A few days ago when walking across campus I remembered Rome. This happens from time to time. In this case I thought particularly of the Campo de’ Fiori — the Field of Flowers — which in turn made me reflect that the word campus is just Latin for “field”. I had not noticed that before. I mentioned as much to my wife, and she remarked that the words company and companion were perhaps also related, and considering that each has a vaguely military connection she speculated that campus might have originally meant something like “field of battle”. Not to be left out, our daughter interjected with “Gaa!” At that, I gave thanks for them both, and I resolved to look into the matter further when I had access to a good dictionary.
Once home I hauled out the OED, cracked it open, and blew the dust from the musty, time-worn pages.
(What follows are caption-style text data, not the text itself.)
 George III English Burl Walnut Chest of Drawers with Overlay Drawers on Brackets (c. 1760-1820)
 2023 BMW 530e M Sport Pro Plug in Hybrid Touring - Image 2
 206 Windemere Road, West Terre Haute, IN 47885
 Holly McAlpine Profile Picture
Sure enough, campus means “field”. Interestingly, the word’s first recorded use was as late as 1774, when it was used to describe the grounds of Princeton University. “Having made a fire in the Campus, we there burnt near a dozen pounds [of tea].” (From the beginning, it seems, the university campus was a place of wild debauchery.)
It is probably not surprising to learn that campaign is a related word, which we have borrowed from French, where it also meant “field” or “countryside”. Its military sense derives from the fact that armies used to “take the field” for training and operations. Its political sense intimates that those seeking political office should be “put out to pasture”.
The word company, however, appears to have a separate etymology. Both it and companion come from Latin (com-panis) via Old French (compaignon), meaning someone with whom (com-) one shares bread (panis).
You are probably thinking that campanology, campaniliform, and similar words must also be related. However, these are derived from the Latin campana (bell), and I have been unable to discover a connection with our word of the day.